Scottish merchant; Baron of the Russian Empire

Sir Robert Rutherfurd (31 May 1719 – 13 February 1794) was a Scottish merchant who was made a Baron of the Russian Empire.

==Early life==
Rutherfurd was born on 31 May 1719. He was the fourth son of Sir John Rutherfurd of Rutherfurd and Edgerston, and his first wife, Elizabeth Cairncross, who married in 1710. His father was the head of an old Roxburgh family. Among his eighteen siblings were John Rutherfurd, MP for Roxburghshire, and Walter Rutherfurd, who moved to America and became a prominent merchant.

His paternal grandparents were Thomas Rutherfurd of Teviotdale and Susannah (née Riddell) Rutherfurd, and he was eleventh in descent from James Rutherfurd of Clan Rutherford, who was granted the manorial lands of Edgerston in 1492 by King James IV of Scotland. His maternal grandfather was William Cairncross of West Langlee, Roxburghshire.

==Career==
Rutherfurd was a merchant and lived in Italy for 40 years before returning to Scotland in 1777. While in Italy, he was the Russian agent at Livorno and Tuscany, and had reportedly "made himself useful to Russia during her war with the Turks in 1770."

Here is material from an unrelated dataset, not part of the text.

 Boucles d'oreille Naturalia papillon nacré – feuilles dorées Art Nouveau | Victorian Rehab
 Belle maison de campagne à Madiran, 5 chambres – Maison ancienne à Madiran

He was created a Baron of Russia by Catherine the Great in 1768 and was presented by the Empress with a gold enameled box richly set with diamonds.

==Personal life==
Rutherfurd bought back the family estate, Fairnington, in 1779. The property had first been acquired by the Rutherfurds in 1647 from Francis Scott, 2nd Earl of Buccleuch. On the estate, he built an octagonal summerhouse and observatory with piended roof surmounted by iron finial known as "Baron´s Folly" or "Down Law".

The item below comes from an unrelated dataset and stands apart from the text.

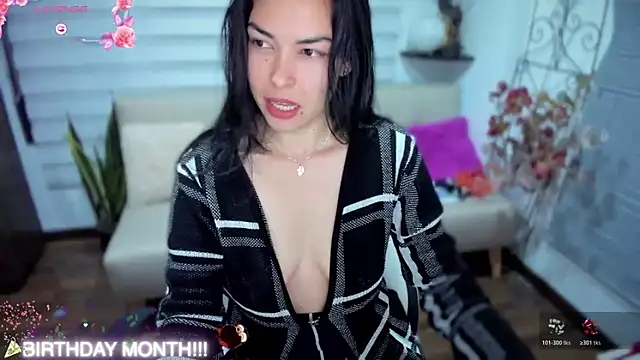 Lunlunera online show from 11/18/25, 04:05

Upon his death in 1794 without issue, he left his estate to his nephew, John Rutherfurd, an MP for Roxburghshire who married Mary Ann Leslie (the only child of Maj.-Gen. Alexander Leslie and a granddaughter of Alexander Leslie, 5th Earl of Leven). On John's death without issue in 1834, the estate passed to Charles Rutherfurd, son of Maj. John Rutherfurd of Mossburnford (the son of Sir Robert's brother Thomas Rutherford). It later passed to Charles' brother Thomas.